A Guerra Híbrida de Terror no Cazaquistão, desencadeada em 5 de janeiro, possivelmente pela facção subversiva anti-russa do “deep state” dos EUA, numa tentativa desesperada de descarrilar as próximas conversações com a Rússia sobre questões de segurança européias, foi muito pior do que a de 6 de janeiro dos EUA. No entanto, muitos dos que se opõem com firmeza ao que aconteceu naquele dia são apaixonadamente favoráveis ao que acabou de acontecer no Cazaquistão.

O fato objetivamente existente e facilmente verificável é que ambos os exemplos são instâncias de movimentos de protesto armado, também conhecidos como Revoluções Coloridas. Independentemente do que se possa sentir sobre um ou outro evento, este ponto é inquestionável. Quer tenham sido seguidores politicamente insatisfeitos do ex-presidente norte-americano Donald Trump ou igualmente insatisfeitos cazaques enfurecidos com a remoção pré-planejada de subsídios de combustível de seu governo, ambos os eventos são caracterizados por multidões cada vez mais revoltadas.

A diferença crucial, no entanto, é que a onda pró-Trump só tomou o controle parcial do Capitólio de seu país depois que o governo se recusou a capitular às suas exigências políticas e mais tarde foi removida com sucesso das instalações pelos serviços de segurança com o mínimo de vítimas. A máfia cazaque, no entanto, conseguiu tudo o que queria do governo depois que este reinstituiu seus controles de preços, mas os membros mais radicais dentro dela realmente intensificaram suas operações de desestabilização.

O que se seguiu foi uma onda de terrorismo urbano não muito diferente daquela que se abateu sobre a Ucrânia durante o “EuroMaidan” ou em toda a América durante a Guerra Híbrida do Terror, no verão de 2020, travada pelo Antifa e pelo “Black Lives Matter”. Mais de 12 membros dos serviços de segurança cazaques foram mortos (3 dos quais foram decapitados), múltiplos edifícios governamentais foram apreendidos e até incendiados, e o Aeroporto Internacional de Almaty também foi tomado momentaneamente, o que levou a pelo menos mil feridos naquele dia.

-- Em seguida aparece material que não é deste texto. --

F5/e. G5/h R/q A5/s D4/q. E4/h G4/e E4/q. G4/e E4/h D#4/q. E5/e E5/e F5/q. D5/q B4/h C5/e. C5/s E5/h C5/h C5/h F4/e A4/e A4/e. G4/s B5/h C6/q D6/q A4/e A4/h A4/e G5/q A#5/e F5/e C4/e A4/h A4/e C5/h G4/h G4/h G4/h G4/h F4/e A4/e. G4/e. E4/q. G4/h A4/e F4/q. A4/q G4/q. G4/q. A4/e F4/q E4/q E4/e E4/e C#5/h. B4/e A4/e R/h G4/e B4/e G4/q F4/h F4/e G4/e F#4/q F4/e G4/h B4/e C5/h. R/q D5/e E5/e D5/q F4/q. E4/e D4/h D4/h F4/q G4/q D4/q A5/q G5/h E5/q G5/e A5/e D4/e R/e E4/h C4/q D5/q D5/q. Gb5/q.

Aqueles que apóiam o que aconteceu no Cazaquistão em 5 de janeiro e ainda são contra o que aconteceu nos EUA em 6 de janeiro são, portanto, desavergonhadamente hipócritas e movidos por padrões duplos explicitamente ideológicos. Não há outra explicação credível para o porquê de serem contra a Revolução Colorida comparativamente muito suave e menos violenta em Washington DC no ano passado, mas apoiam totalmente a muito mais intensa e violenta que acabou de ocorrer em Almaty..

Isto sugere que, como diz o ditado clichê, “os fins justificam os meios”. Neste caso, o emprego das tecnologias da Revolução Colorida para fins de mudança de regime é aceitável quando é contra um governo que é considerado dentro da chamada “esfera de interesses” da Rússia, mas absolutamente inaceitável quando visa o próprio governo dos EUA. Além disso, aqueles que são contra 6 de janeiro costumam apoiar a onda de terrorismo urbano do verão de 2020 realizada pelo Antifa e “Black Lives Matter”.

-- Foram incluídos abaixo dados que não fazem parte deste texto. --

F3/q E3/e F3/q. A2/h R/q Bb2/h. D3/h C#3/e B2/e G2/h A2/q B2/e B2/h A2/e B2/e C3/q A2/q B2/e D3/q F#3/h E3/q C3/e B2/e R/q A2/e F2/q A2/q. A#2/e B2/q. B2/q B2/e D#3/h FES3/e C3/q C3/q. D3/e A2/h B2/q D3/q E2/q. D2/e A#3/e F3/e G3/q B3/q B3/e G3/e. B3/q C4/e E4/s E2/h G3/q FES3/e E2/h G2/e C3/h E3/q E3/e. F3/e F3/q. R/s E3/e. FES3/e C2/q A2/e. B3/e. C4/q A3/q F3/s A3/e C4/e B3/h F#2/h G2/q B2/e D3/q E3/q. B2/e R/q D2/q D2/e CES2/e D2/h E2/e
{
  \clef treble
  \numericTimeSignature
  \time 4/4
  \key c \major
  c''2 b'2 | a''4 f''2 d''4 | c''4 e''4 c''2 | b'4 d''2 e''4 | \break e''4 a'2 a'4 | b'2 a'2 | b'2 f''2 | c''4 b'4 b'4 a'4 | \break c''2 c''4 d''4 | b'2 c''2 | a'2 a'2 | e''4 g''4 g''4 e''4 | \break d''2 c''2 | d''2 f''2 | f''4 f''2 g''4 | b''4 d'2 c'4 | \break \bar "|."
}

A razão desta segunda observação é a mesma que a primeira, “os fins justificam os meios”. Naquela época, aqueles que desprezavam Trump não parariam em nada para desestabilizar seu governo em uma tentativa de manipular os eleitores nas eleições que então se aproximavam, na esperança desesperada de que a vitória de Biden traria um fim àquela Guerra Híbrida de Terror em particular. “Vale a pena estudar mais a fundo a Sequência de Mudança de Regime Anti-Trump” para aqueles que estão interessados em saber mais sobre ela.

O denominador comum que liga os padrões duplos de algumas pessoas em relação ao Cazaquistão em 5 de janeiro, o 6 de janeiro dos EUA e a Guerra Híbrida do Terror na América do verão de 2020 é sua crença subjetiva de que a mudança de regime termina por qualquer meio – incluindo o emprego da tecnologia da Revolução Colorida – somente se ela avançar sua visão ideológica no país ou no exterior. Quando as mesmas técnicas são empregadas por seus oponentes contra sua visão, eles são veementemente contra eles.

A mente dessas pessoas não será mudada mesmo que outras as chamem descaradamente por sua hipocrisia, mas ficar atento a essas observações pode levar a uma maior compreensão das grandes tendências em jogo. Simplificando, os padrões duplos para o uso da tecnologia da Revolução Colorida como um meio para qualquer fim em particular não desaparecerão tão cedo desde que estas técnicas se proliferaram nas últimas duas décadas, a ponto de praticamente qualquer grupo de interesse poder tentar empregá-las.

O cenário ideal seria, portanto, se houvesse algum tipo de entendimento intergovernamental – se não um acordo formal – regulando o uso estrangeiro destas tecnologias contra outros estados, bem como estipulando a gama de respostas aceitáveis de governos vitimizados. Esta proposta é semelhante em espírito a regimes estratégicos de armas como os pactos nucleares EUA-Rússia, mas obviamente incluiria muito mais países e talvez todos eles no melhor cenário possível, já que qualquer um pode usar esta tecnologia.

A razão pela qual esta é uma proposta prática é porque os padrões duplos altamente politizados continuarão a abundar a nível internacional sobre as respostas dos governos vitimizados às ameaças da Revolução Colorida e das GuerrasHíbridas associadas. Suas reações às vezes são exploradas como pretexto para impor sanções contra eles ou pressionar esses estados por outros meios. Ajudaria a estabilizar o sistema internacional e remover a incerteza prevalecente se houvesse um acordo sobre as “regras do jogo”.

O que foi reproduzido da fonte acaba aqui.